A recent study³⁵ of Os(H)₂(OC₆H₄NH)(PPh₃)₂, which also shows this same distortion away from octahedral geometry, also concluded that this contains Os(IV) and a dianionic chelate ligand. In contrast, the RuCl₂(OC₆H₄NH)(PPh₃)₂ analog has an octahedral geometry; a ground state with Ru(III) strongly spin-coupled to a radical monoanion chelate was deduced. Thus, the Os(H)₂ moiety is more reducing than the RuCl₂ unit.

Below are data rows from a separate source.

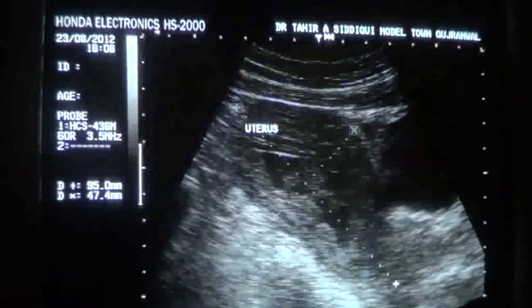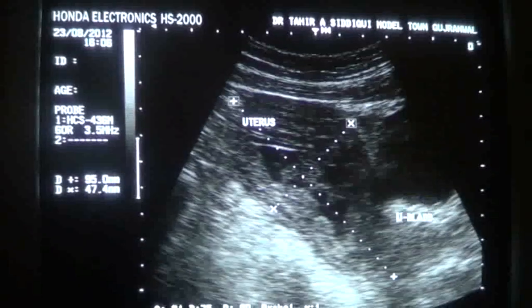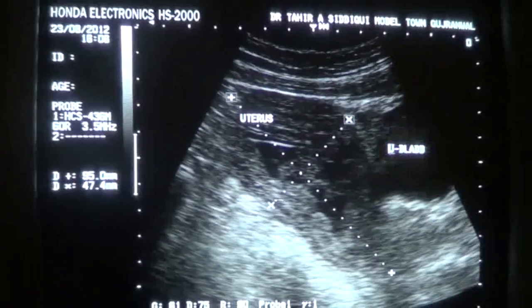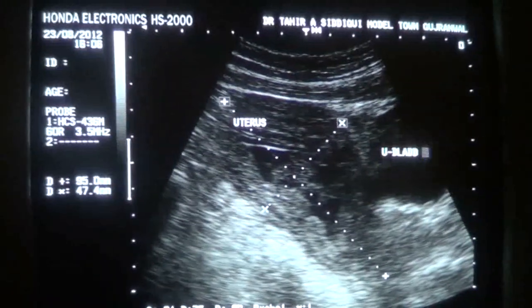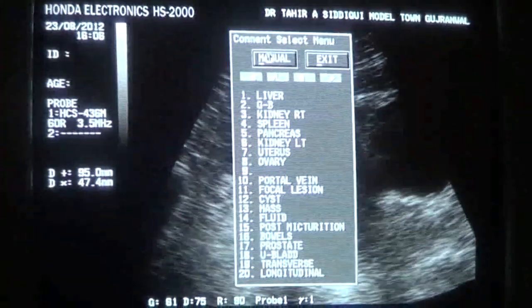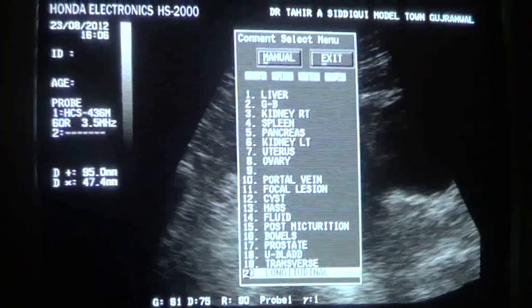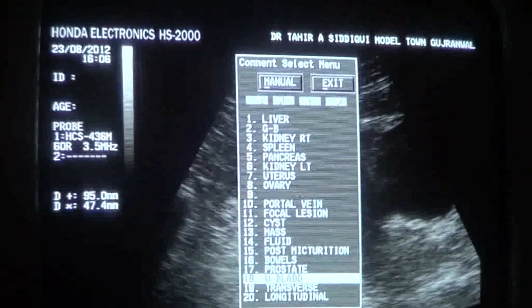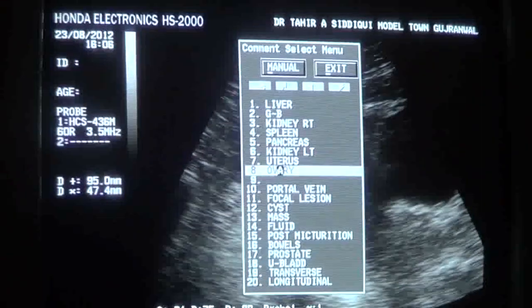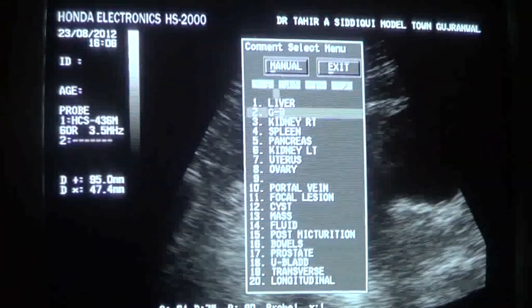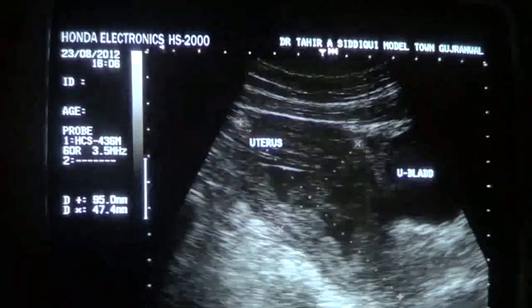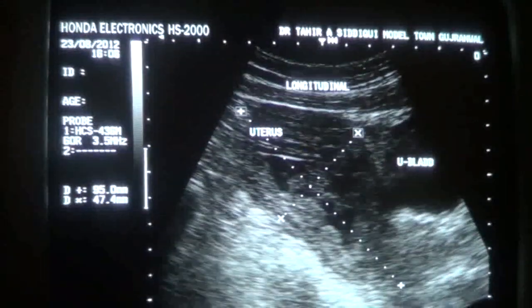This is the urinary bladder in this patient — a pregnant female. This is the longitudinal section.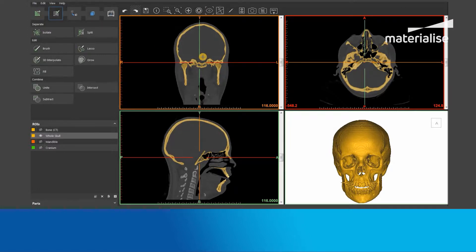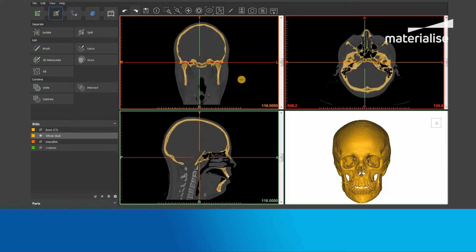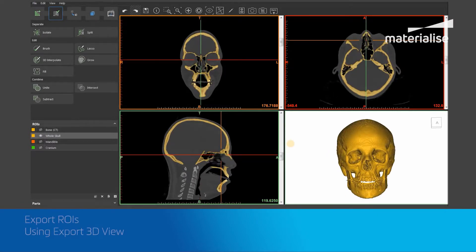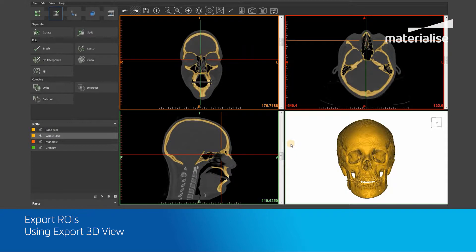You can use case-relevant ROIs or parts as inputs for these tools. First, I will show you how to use the Export 3D View tool.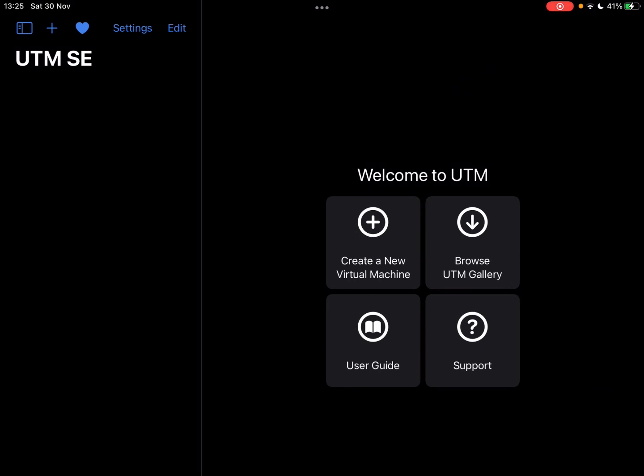Hello everybody, today I'm going to try something different and we're going to run Windows XP on the iPad Mini 4. To start off with, I'm going to make a new virtual machine.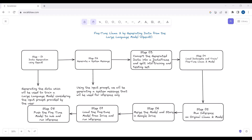Now we will convert the generated data into a DataFrame. We will convert it into a pandas DataFrame and split it into training and testing sets — 90 percent of the data for training and 10 percent for testing. After splitting and converting the data into a pandas DataFrame, in the next step I will load the dataset and fine-tune my LLaMA2 model.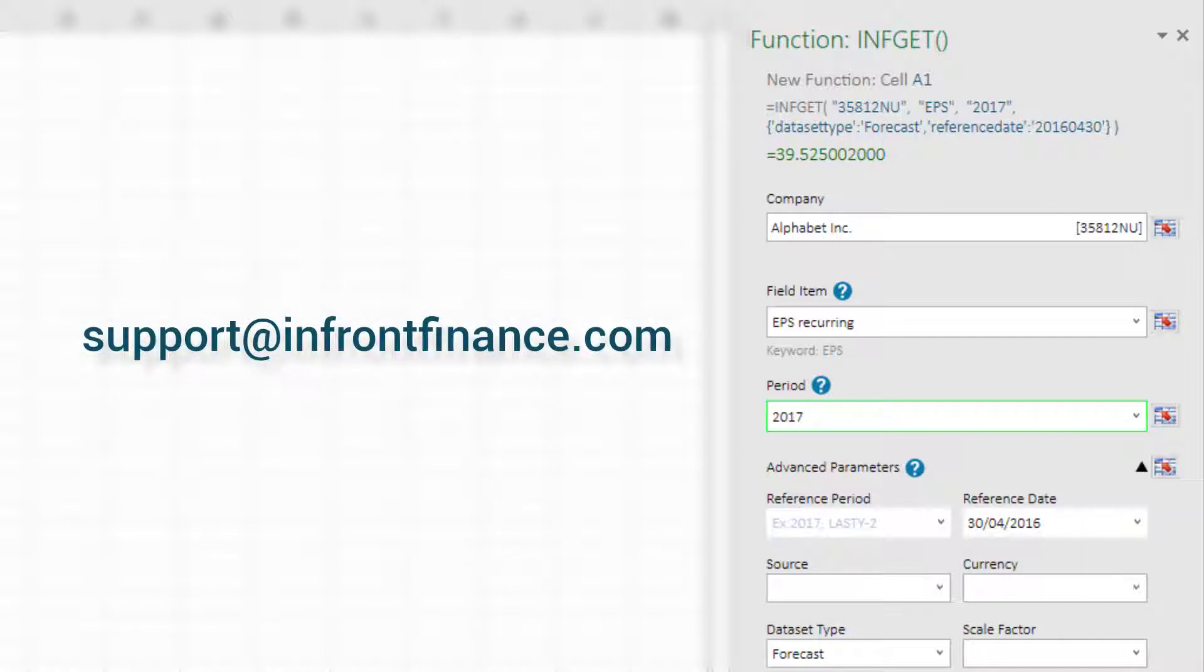Should you have any further questions please contact support at InFrontFinance.com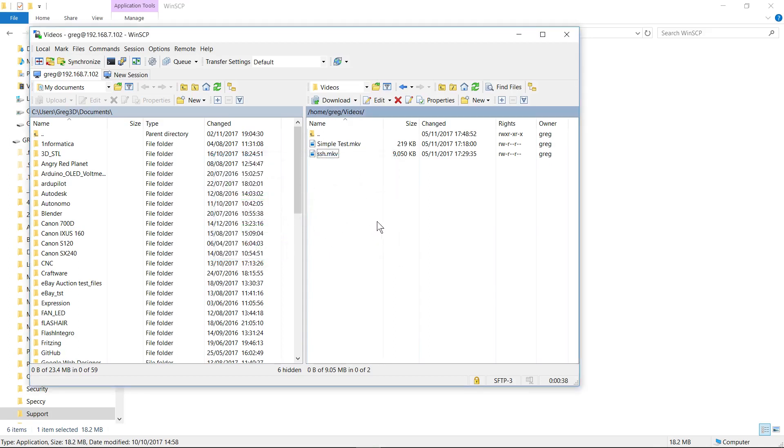So that's just a simple example, obviously, of a file transfer. But you can do a whole bunch of things in here as well. It's an excellent program. Highly recommend it.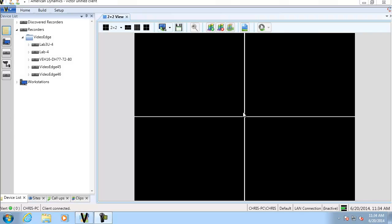Hello and welcome to an e-demo of people counting using Victor and VideoEdge. What we're going to do today is we're going to use the video intelligence capabilities of VideoEdge and the search capabilities of Victor in order to count some people.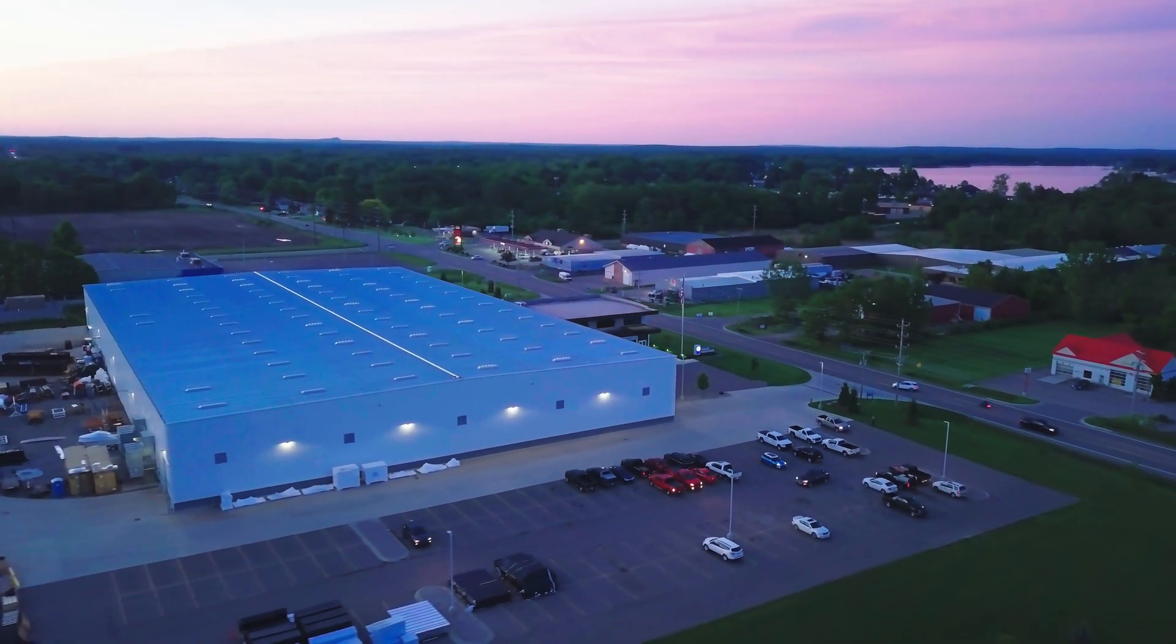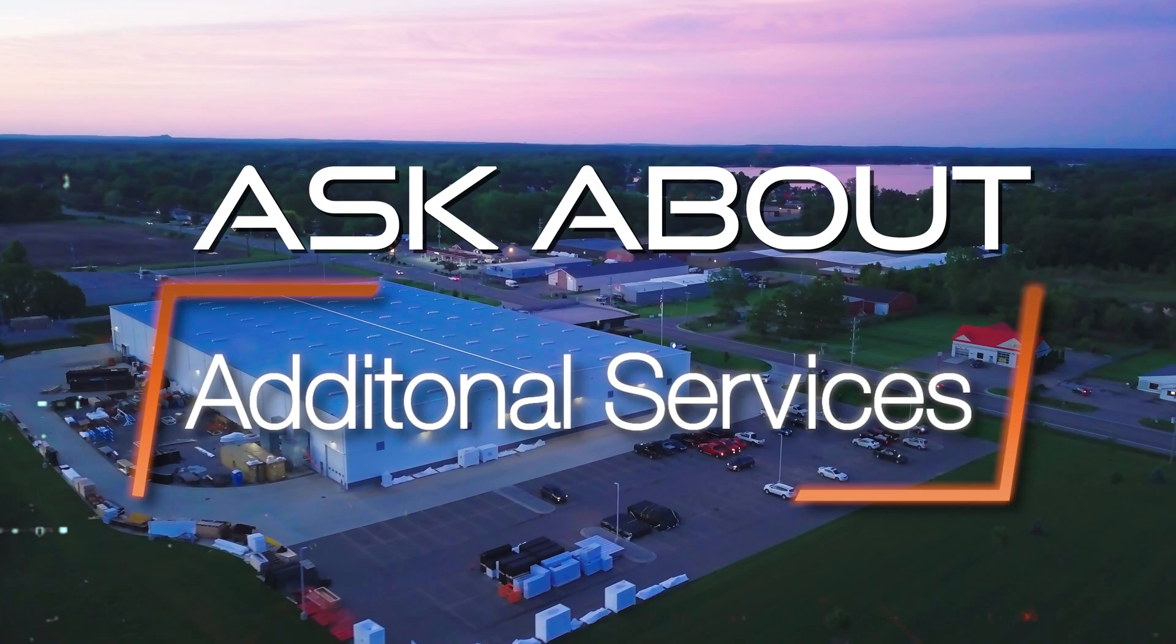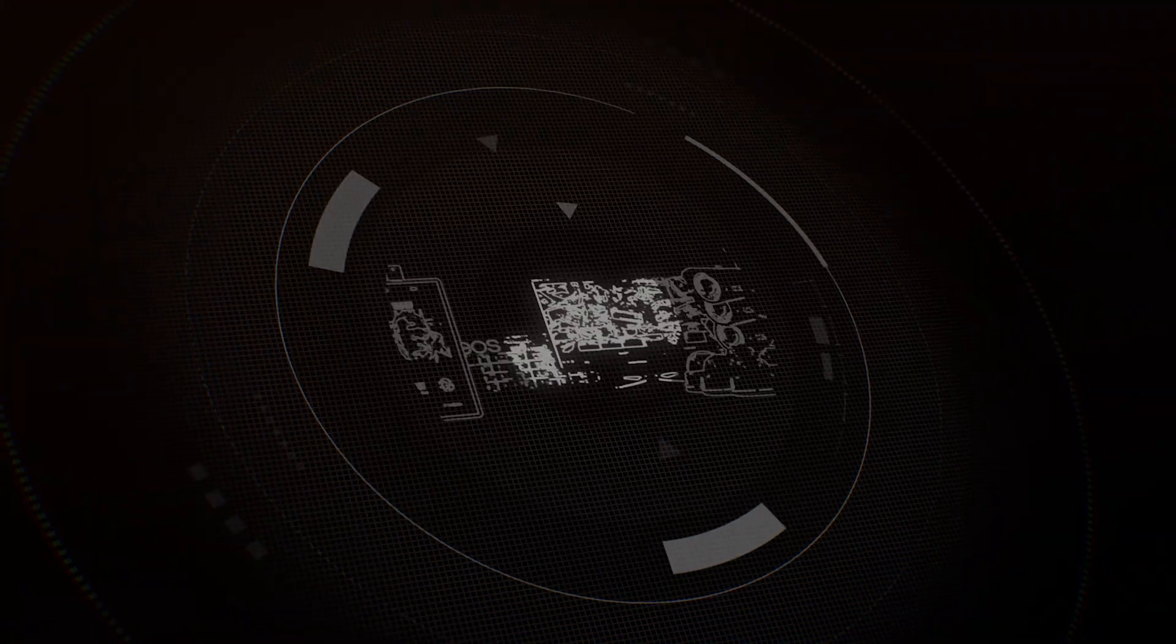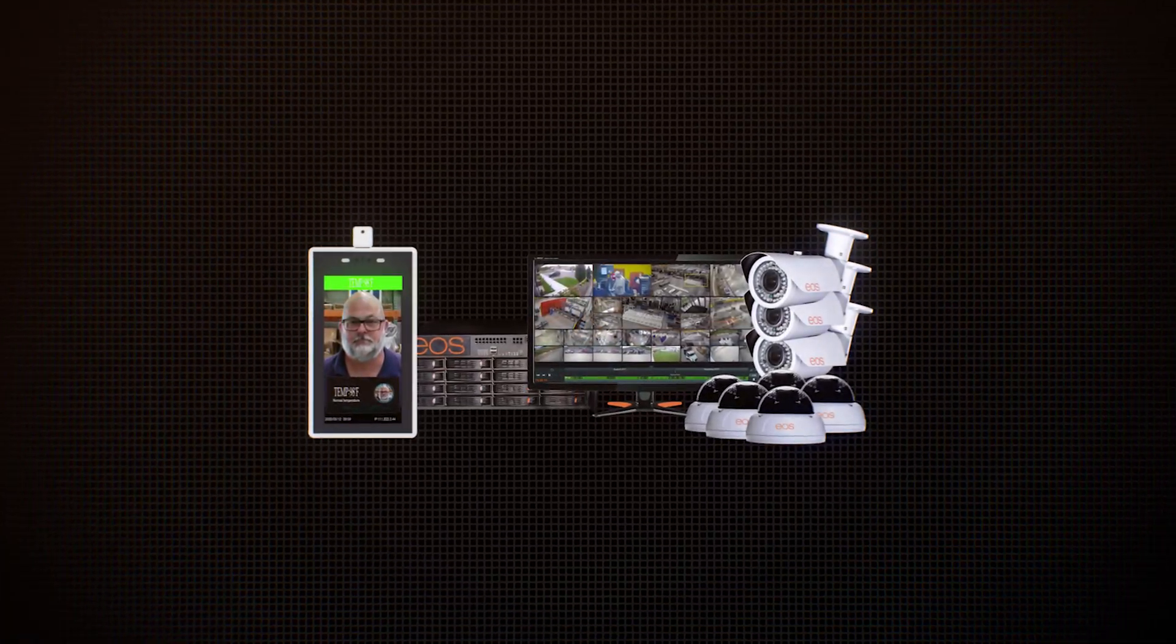Don't hesitate to ask about our full product line. At EOS, your safety is our priority.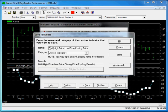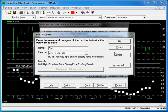Now you can give it a name. We'll call this DMI Custom. And you can either save it in the Custom Indicators category or create your own.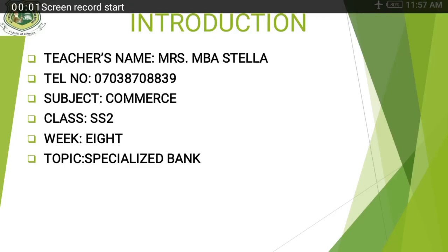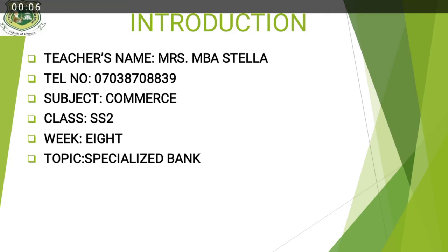Good day students. Hope you are doing well today. I hope you've eaten. Please remove any form of distraction. Make sure you open your television and listen to me. You are still with Anticella, the subject is Commerce, Class SS2, and we are in Week Eight.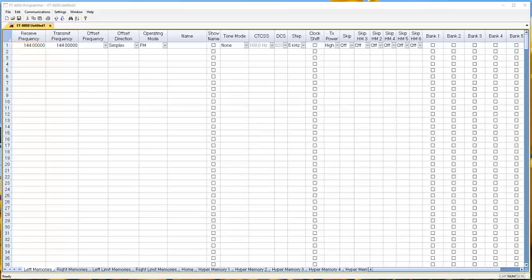Hi, it's Karen with RT Systems, here today to talk to you about the FT8800 from Yaesu. That radio has been discontinued, but there are lots of them still out there, and this has to be my absolute favorite radio as far as organizing it and getting it so that you can do so much with it.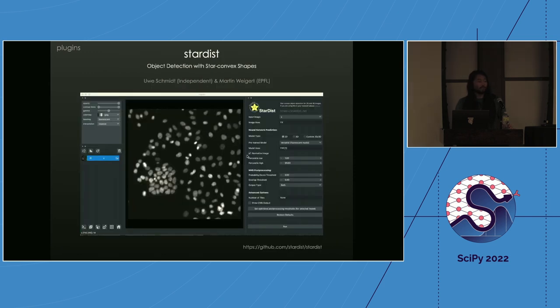One plugin we'll be using today is called Stardist. It's an object detection algorithm that's really useful for segmenting nuclei in microscopy images.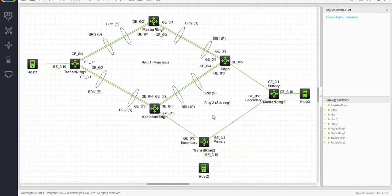Let's guide you through the configuration and start with the edge node. If you look at the diagram, you see that the edge switch has three ports that relate to the rings. Two of these ports are already a member of the main ring, and there is a third port connecting to the sub-ring. This is where the RRPP edge port configuration comes in. If we add the sub-ring, you can see that if we configure the node mode as edge, we have to assign an edge port, which will be the port used for the sub-ring.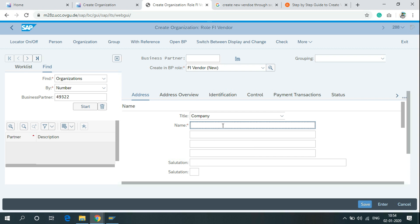In the name field, you can write the name of the company from whom you can buy material for purchasing or sales purposes. Here I am writing automobile supplier.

(c) Reactivity of Os(H)₂(NMeC₆H₄NH)(PⁱPr₃)₂ with protons. Triflic acid protonates compound F^Me in arene solvents at room temperature, to form the triflate salt of [Os(H)₃(N(CH₃)C₆H₄NH)(PⁱPr₃)₂]⁺ (I). The metal in Os(H)₂(NMeC₆H₄NH)(PⁱPr₃)₂ is thus more basic than either nitrogen. A triplet of doublets (coupling to 2P and one NH) in the hydride region characterizes cation I in the ¹H NMR at −8.15 ppm. The methyl protons and the amide proton resonate as a singlet at 4.43 and a broad singlet at 14.65 ppm, respectively. Selective decoupling of the amido signal induces a multiplicity change in the hydride signal to a triplet, confirming that the doublet structure in the hydride peak is due to coupling to the amido proton. Complicated multiplets are observed in the aryl region, which are completely resolved into two triplets and two doublets when the solvent is d₈-THF, and the diastereotopic P-methyl groups appear as overlapping apparent quartets. The ¹⁹F NMR chemical shift indicates no interaction of the triflate with the cation, and the ³¹P {¹H} NMR spectrum is a singlet.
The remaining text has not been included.